▸ **Material provided**
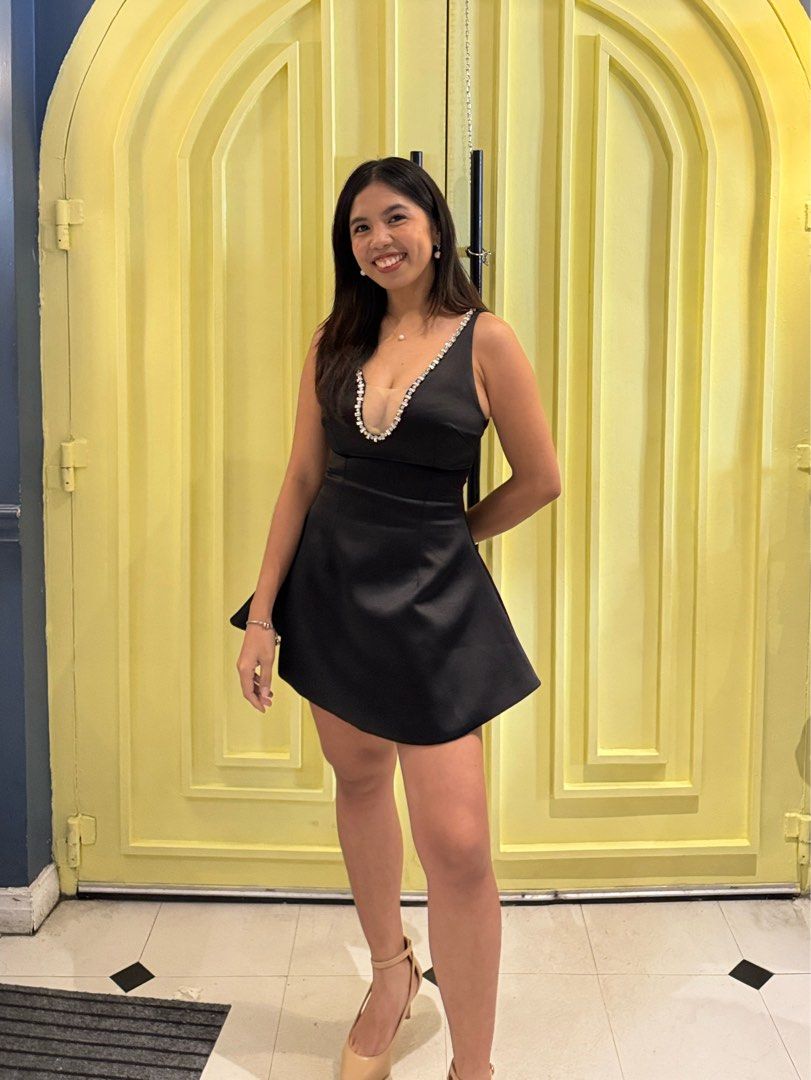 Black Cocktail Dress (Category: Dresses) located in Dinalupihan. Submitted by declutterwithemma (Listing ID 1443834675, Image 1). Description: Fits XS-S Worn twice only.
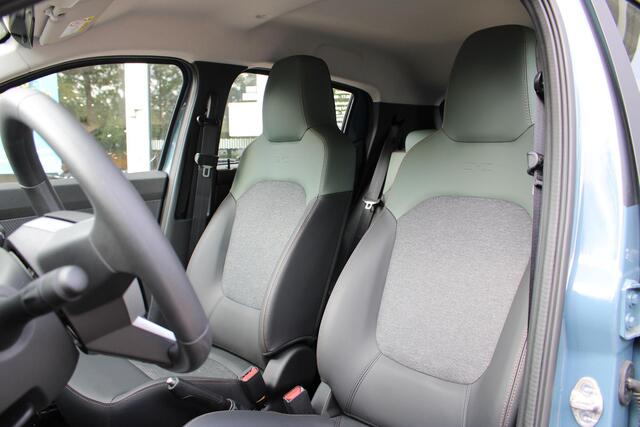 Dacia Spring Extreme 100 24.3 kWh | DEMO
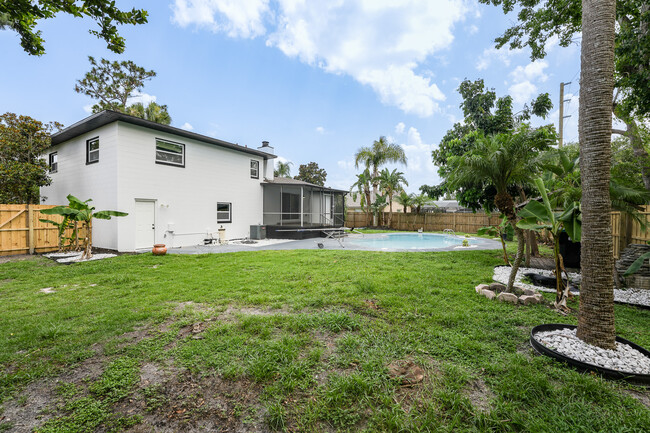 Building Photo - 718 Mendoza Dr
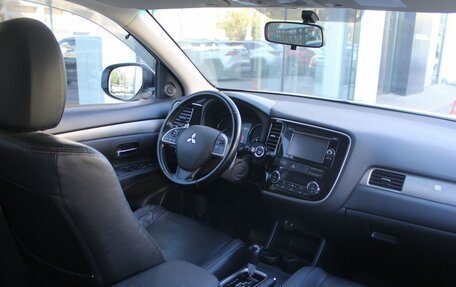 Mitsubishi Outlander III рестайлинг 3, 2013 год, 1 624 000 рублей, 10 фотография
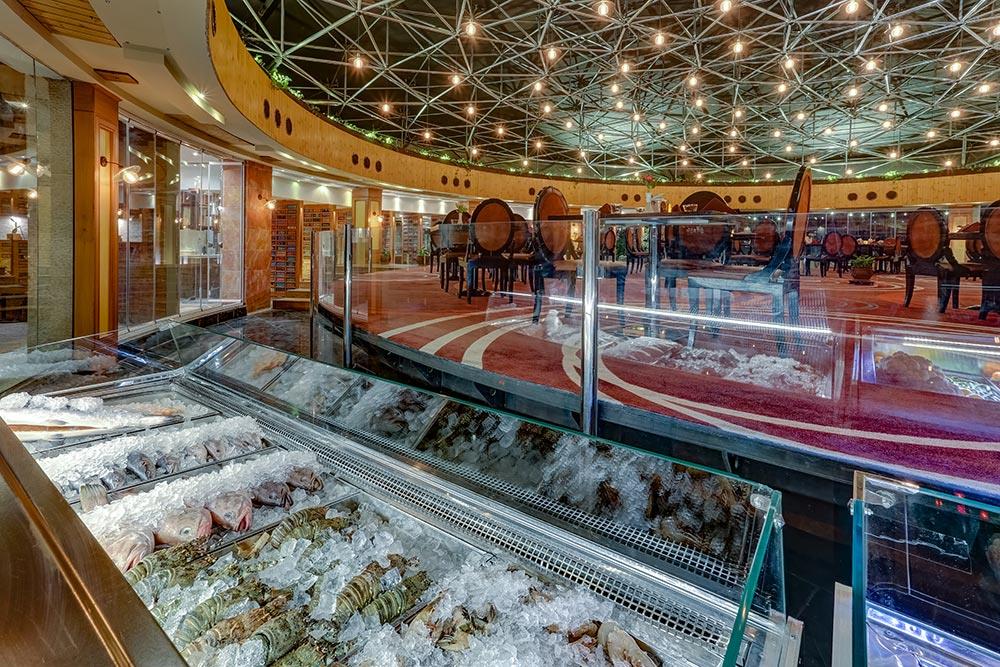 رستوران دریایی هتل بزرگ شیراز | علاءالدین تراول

* * *

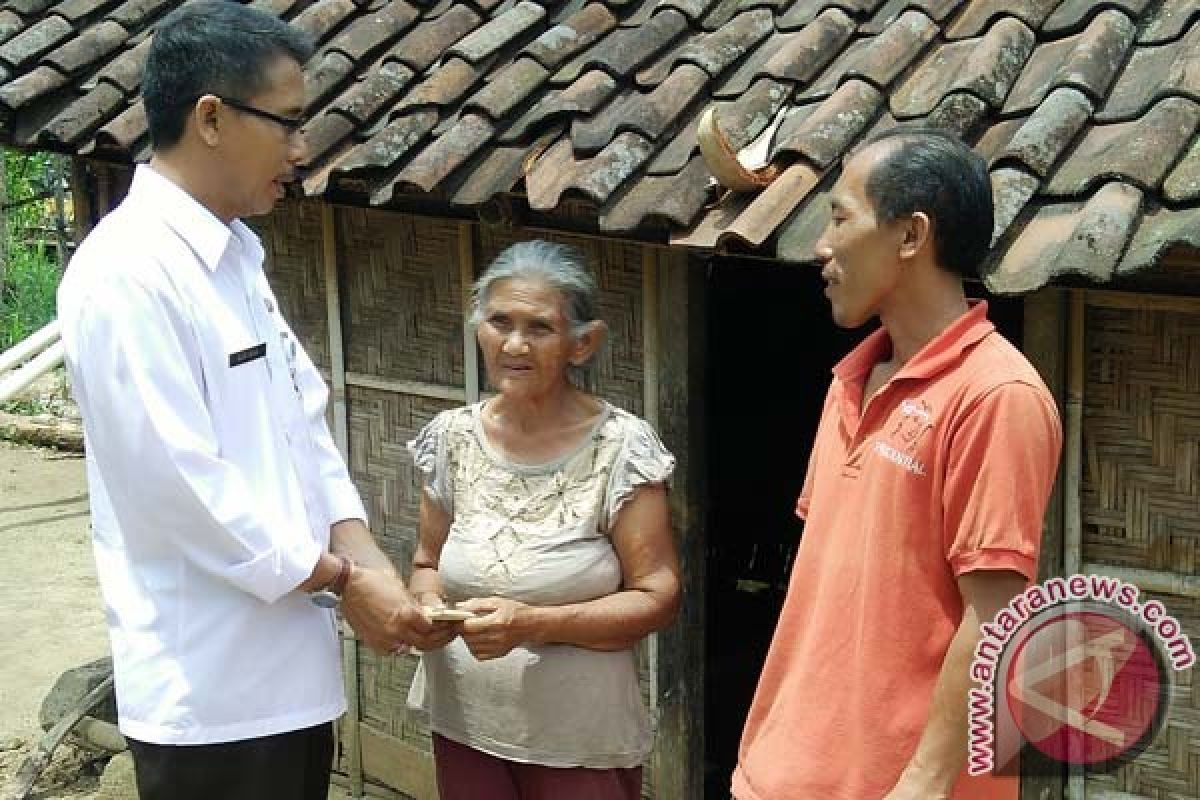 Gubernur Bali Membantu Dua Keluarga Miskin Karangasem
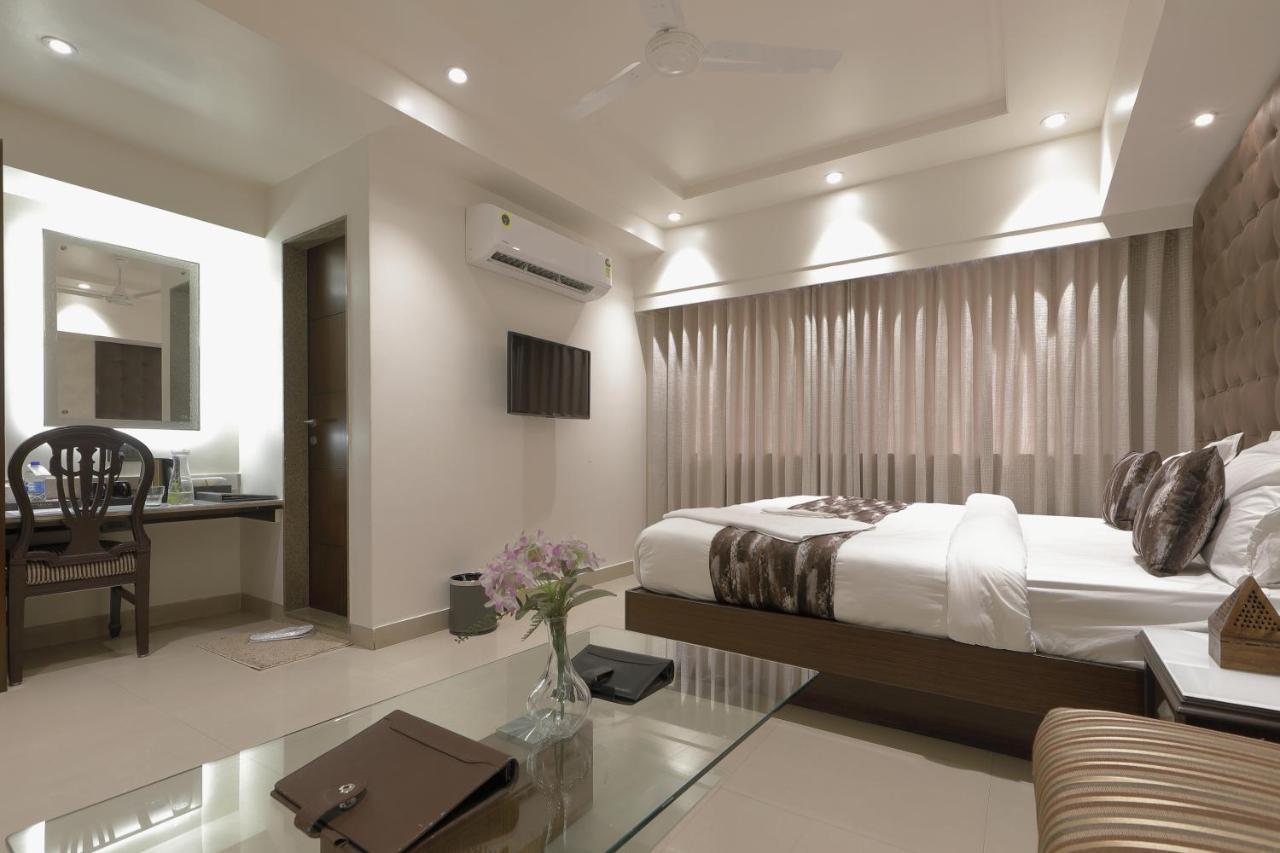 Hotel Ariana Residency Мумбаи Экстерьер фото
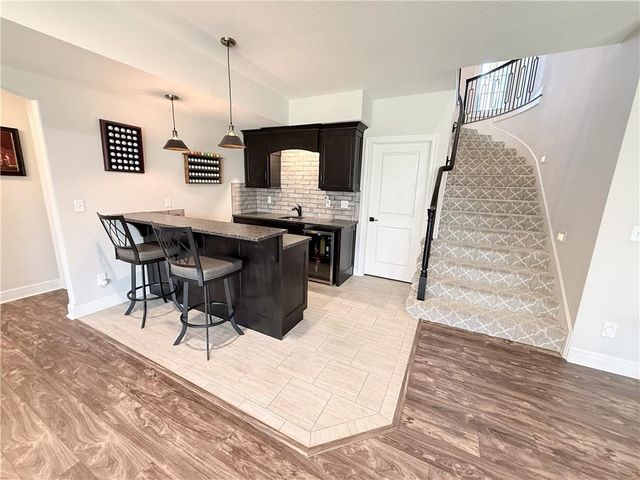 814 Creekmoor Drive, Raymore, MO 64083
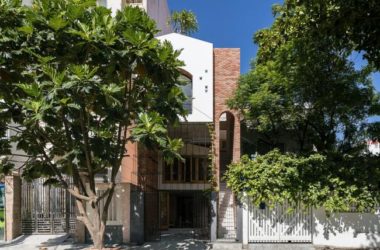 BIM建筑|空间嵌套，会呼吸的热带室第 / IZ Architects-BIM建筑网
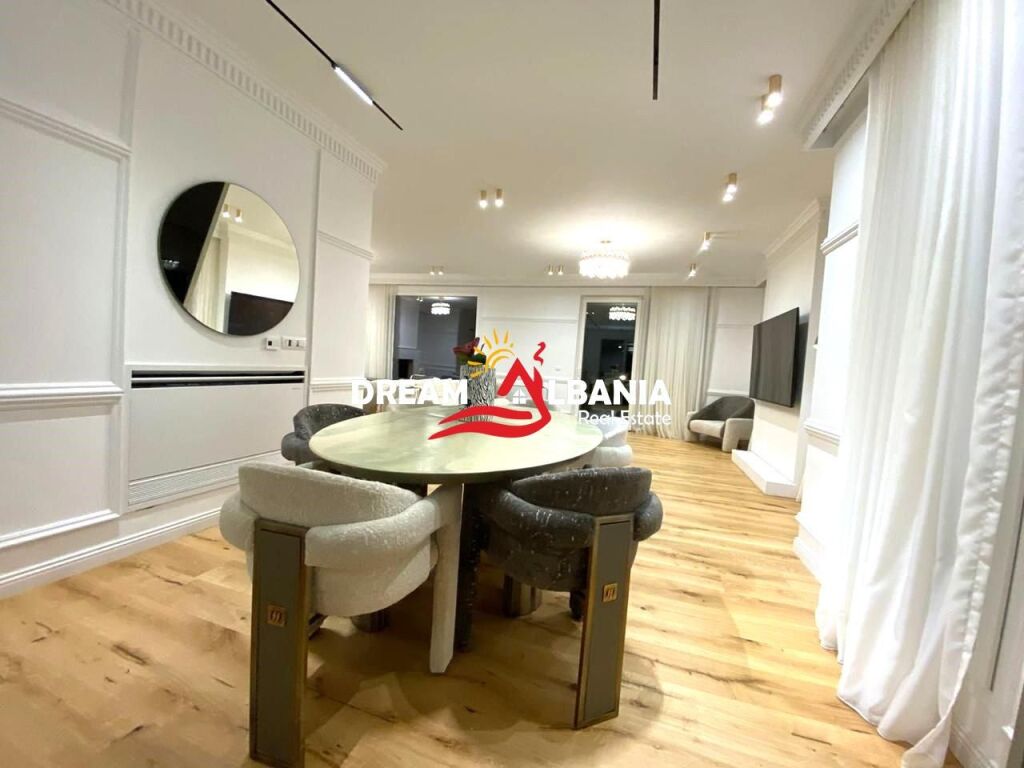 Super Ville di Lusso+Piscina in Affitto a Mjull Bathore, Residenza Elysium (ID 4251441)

▸ **Your task**
Pictures aside, return exactly the lines from the data above, starting at the line that has "Dacia Spring Extreme 100 24.3 kWh | DEMO" and ending at the line that has "رستوران دریایی هتل", both included.

▸ **Solution for this exercise**
 Dacia Spring Extreme 100 24.3 kWh | DEMO
 Building Photo - 718 Mendoza Dr
 Mitsubishi Outlander III рестайлинг 3, 2013 год, 1 624 000 рублей, 10 фотография
 رستوران دریایی هتل بزرگ شیراز | علاءالدین تراول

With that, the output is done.